Instructions for the task: Please return the full listing word for word, leaving out any pictures.

Dataset extract:
----

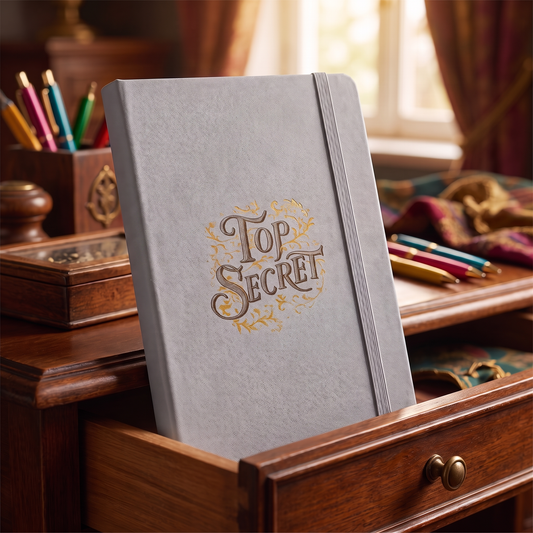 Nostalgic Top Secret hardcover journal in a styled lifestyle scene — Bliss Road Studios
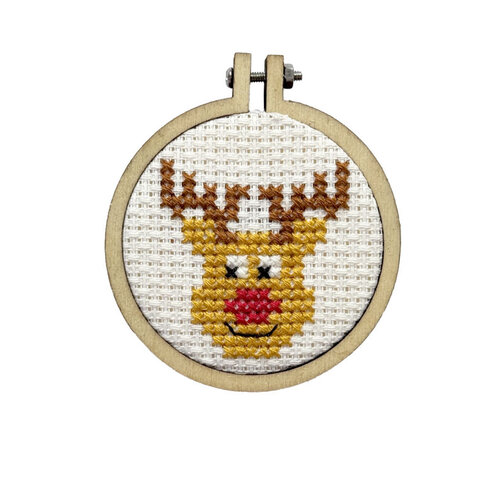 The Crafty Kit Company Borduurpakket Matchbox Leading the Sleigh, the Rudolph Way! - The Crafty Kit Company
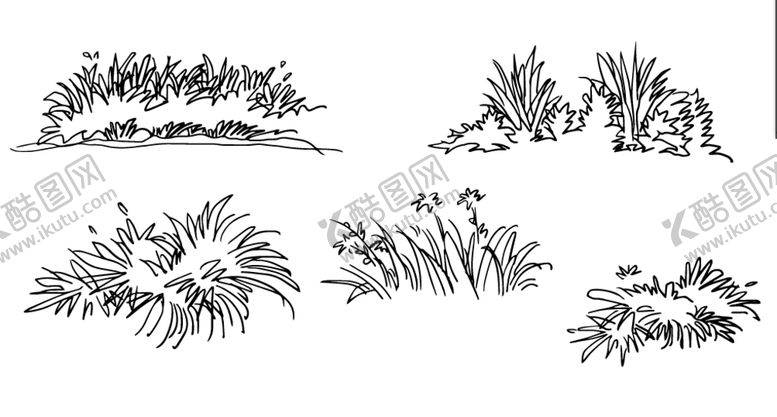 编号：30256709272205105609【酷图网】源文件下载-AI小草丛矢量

----

Answer for this exercise:
 Nostalgic Top Secret hardcover journal in a styled lifestyle scene — Bliss Road Studios
 The Crafty Kit Company Borduurpakket Matchbox Leading the Sleigh, the Rudolph Way! - The Crafty Kit Company
 编号：30256709272205105609【酷图网】源文件下载-AI小草丛矢量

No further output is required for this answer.